The SBIR/STTR programs are known as “America’s Seed Fund.” They’re coordinated by the Small Business Administration (SBA) and funded by 11 participating federal agencies:
- Department of Agriculture (USDA)
- Department of Commerce (DOC)
- Department of Defense (DOD)
- Department of Energy (DOE)
- Department of Education (ED)
- Health and Human Services (HHS)
- Department of Homeland Security (DHS)
- Department of Transportation (DOT)
- Environmental Protection Agency (EPA)
- National Aeronautics and Space Administration (NASA)
- National Science Foundation (NSF)
The programs’ goals are to:
- Stimulate technological innovation;
- Meet federal research and development needs;
- Foster and encourage participation in innovation and entrepreneurship by women and socially or economically disadvantaged persons; and
- Increase private-sector commercialization of innovations derived from federal research and development funding.

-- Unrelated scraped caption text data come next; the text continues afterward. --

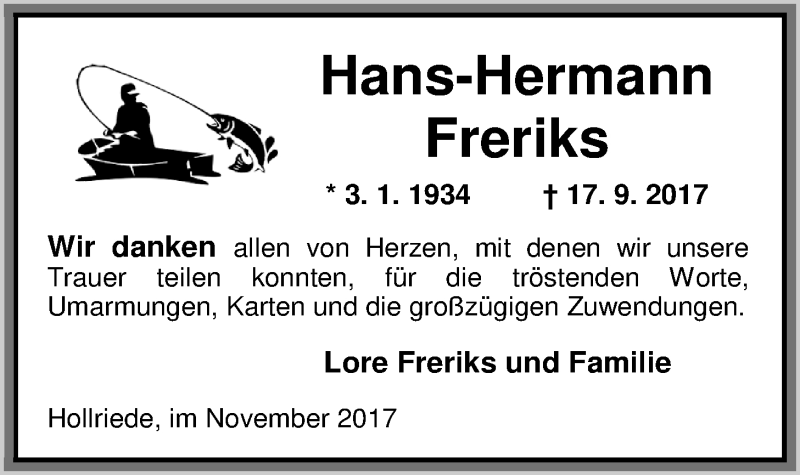  Traueranzeige für Hans-Hermann Freriks vom 04.11.2017 aus Nordwest-Zeitung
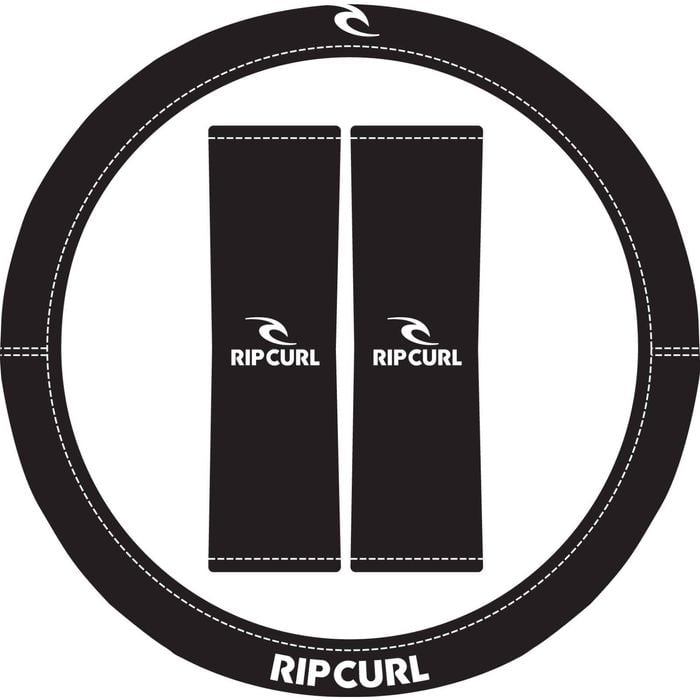 Rip Curl Logo 15'' Neoprene Car Steering Wheel Cover Seat Belt Comforts Black 38cm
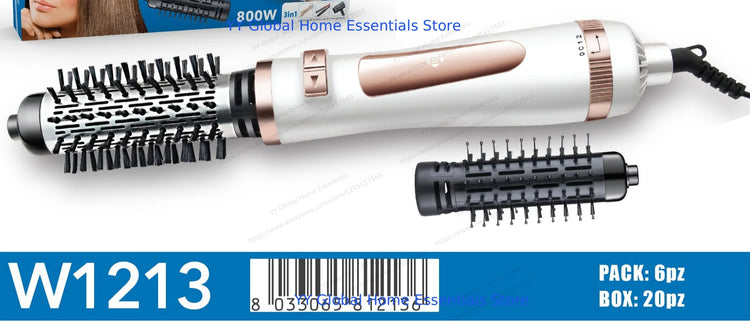 Household Multifunctional Rotating Hot‑Air Styler, Interchangeable Hair Dryer Brush, 800W Hair Volumizer Straightening & Curling Tool for Daily Hairstyle Making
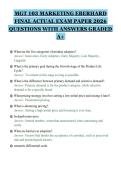 MGT 103 MARKETING EBERHARD&NewLine;FINAL ACTUAL EXAM PAPER 2026&NewLine;QUESTIONS WITH ANSWERS GRADED&NewLine;A&plus;&NewLine;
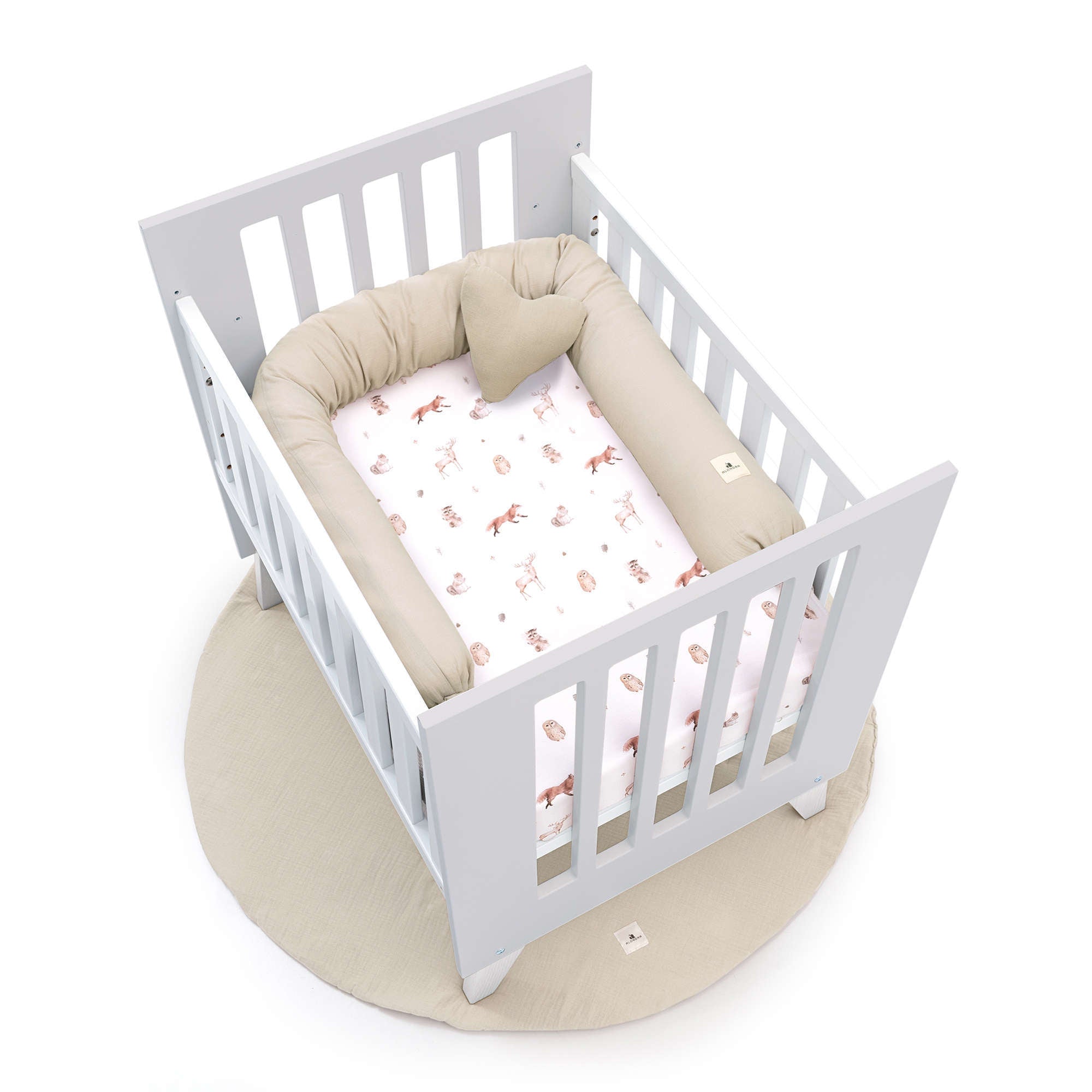 Mini berço 60x80 cm para co-sleeping (5em1) branco/cinzento · Nexo Uno Grey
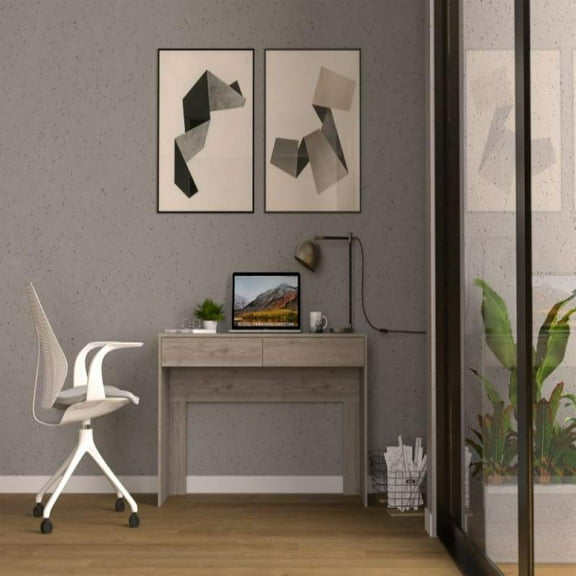 We Have Furniture Computer Desk Aberdeen, Two Drawers, Light Gray Finish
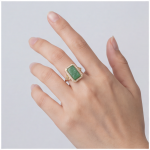 Carved Green Jade Plaque Ring with Cubic Zirconia Halo in Gold Tone - Image 5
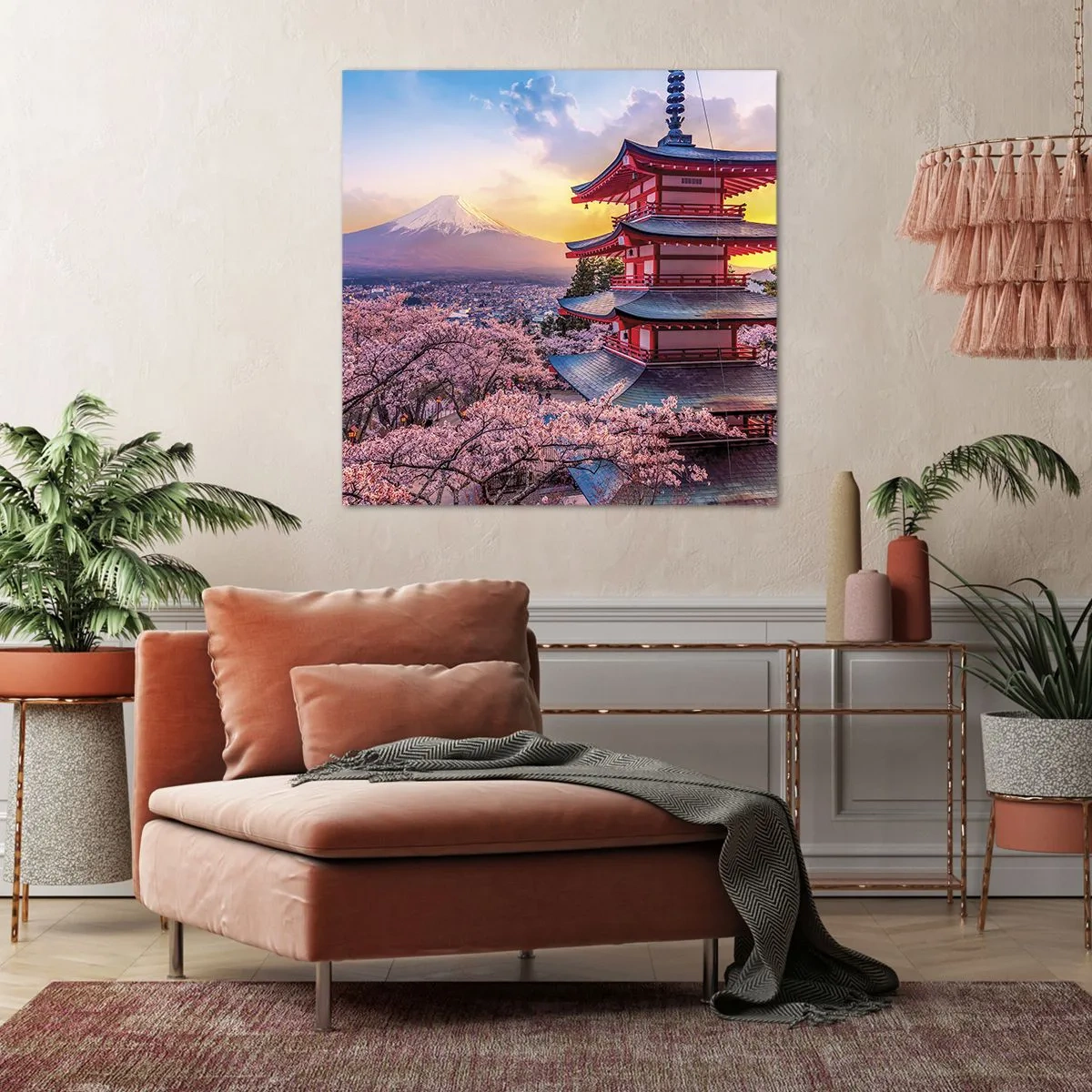 Lærredstryk - Billede på lærred - Essensen af den japanske ånd - 60x60 cm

Applications can be submitted via the SBIR website. A business is eligible to apply for funding through America’s Seed Fund if the company:
- Is a for-profit entity located in the U.S.
- Has fewer than 500 employees (most applicants have fewer than 10).
- Is owned and controlled by U.S. citizens or permanent residents.
A company must also have a Unique Entity ID (UEI) from SAM.gov to receive SBIR/STTR awards. The full eligibility guidelines are here. The primary difference between STTR and SBIR is that for STTR, the small business must formally partner with a research institution. The research institution must be owned and operated exclusively for scientific or educational purposes, non-profit, and located in the US. Research institutions eligible to participate in the STTR Program include:
- Nonprofit college or university
- Domestic nonprofit scientific/research organization
- Federally Funded R&D Centers (FFRDC)
Accelerators, technical assistance centers, and other support organizations around the country help startups identify and apply for awards. Some states have matching programs to cover the costs of creating a proposal. Financing options include grants, loans, and investment capital. In phase 1, companies use funding to create proof-of-concepts for their innovations. The time frame for this is 6-12 months and the amount awarded can range from $50,000 to $275,000. In phase 2, the objective is to continue research and development efforts. The time frame is 24 months and the funding ranges from $400,000 to $1.8 million. In phase 3, funded companies pursue commercialization in the private sector or in the federal contracting marketplace. No SBIR/STTR funding is provided for this phase. Additional assistance for monetizing innovations created with the program funding is available via the Lab to Market Hub.